Gordon Weil has been making stuff up for decades, and those of us who have been victimized by it typically just let it go. But not this time.

In his Nov. 16 column “Ranked Choice Voting Must Not Encourage Spoilers,” Weil wrote that “[A] classic spoiler was Eliot Cutler in the 2014 Maine governor’s race, who reneged on his promise to drop out if he trailed.”

Wrong. Again.

First of all, I never promised to drop out if I trailed. What I did do was ask voters to wait until two weeks or so before the election and then to decide whether they thought that I could win. If they didn’t think I could win, I said that they should vote for someone else. I said that I couldn’t in good conscience support either of my opponents and therefore would not drop out. As it turned out, my support collapsed after Senator King unendorsed me, and many of my supporters did vote for other candidates, leaving me with about 8 percent of the votes.

Second, the NBC exit poll that year indicated that if I had not been on the ballot, Governor LePage’s margin of victory over Representative Michaud would have been even greater than it was.
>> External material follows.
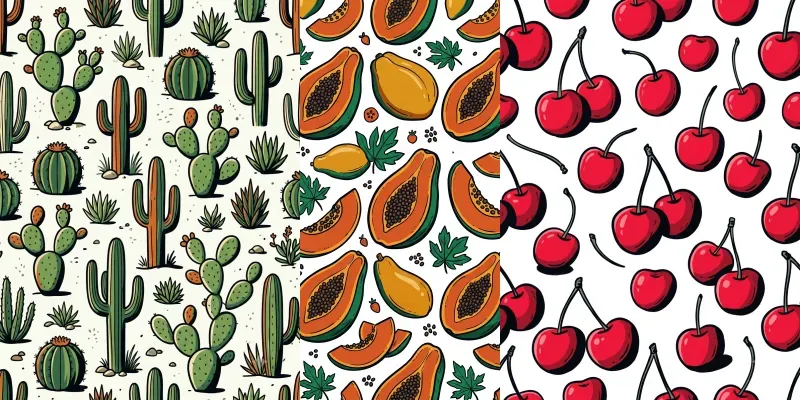 Bold Graphic Urban Seamless Patterns generated by undefined
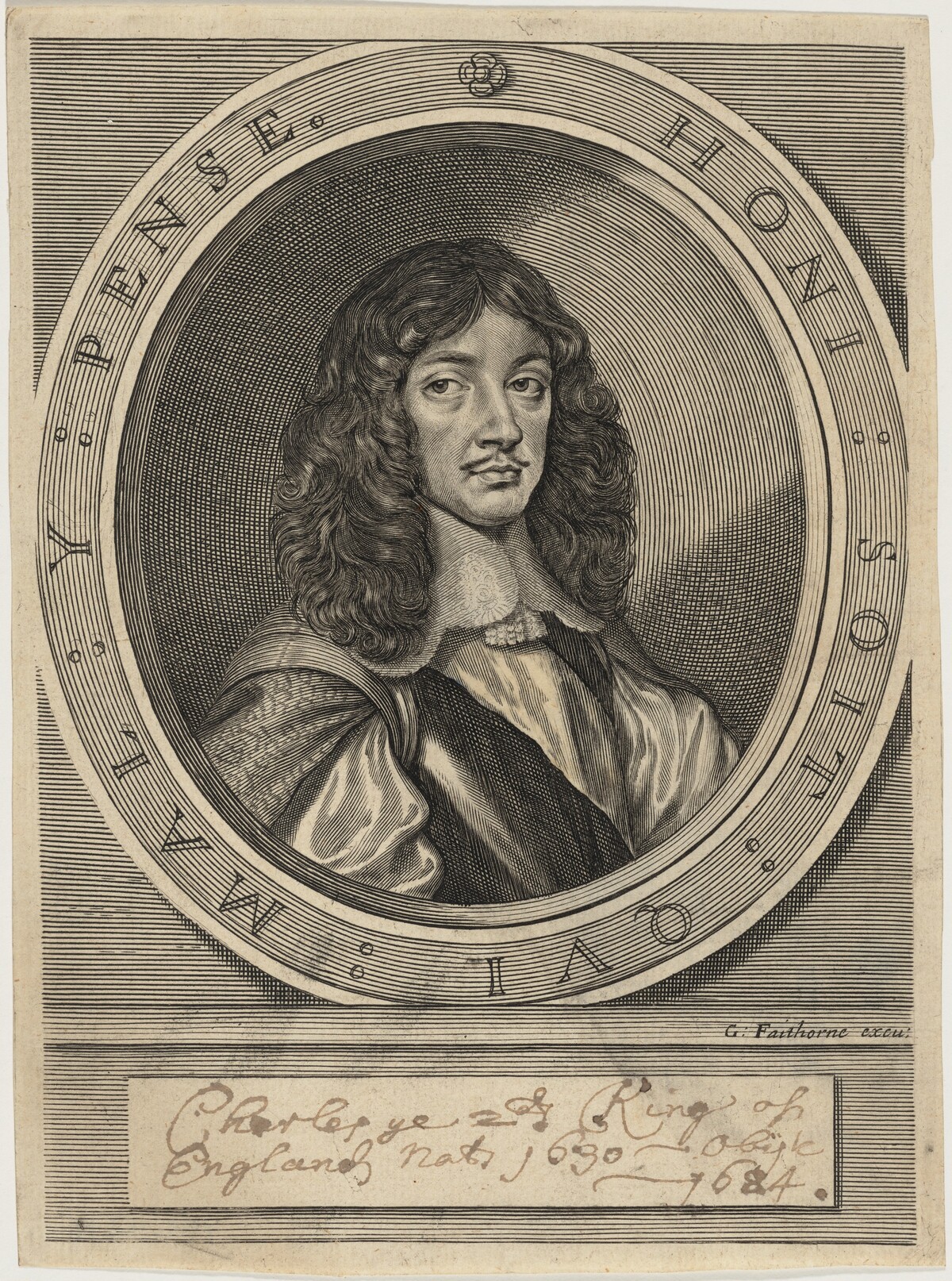Charles II by William Faithorne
So I clearly did not “spoil” Mr. Michaud’s chances of winning. As I had suggested to him before he decided to run, he couldn’t win whether or not I was on the ballot as an independent candidate.
And finally, for the record, I have been urging Maine to adopt a ranked choice voting system for many years and was one of the leaders in the effort to get it adopted. I am proud that we have it . . . and only wish we’d had it in 2010 or 2014!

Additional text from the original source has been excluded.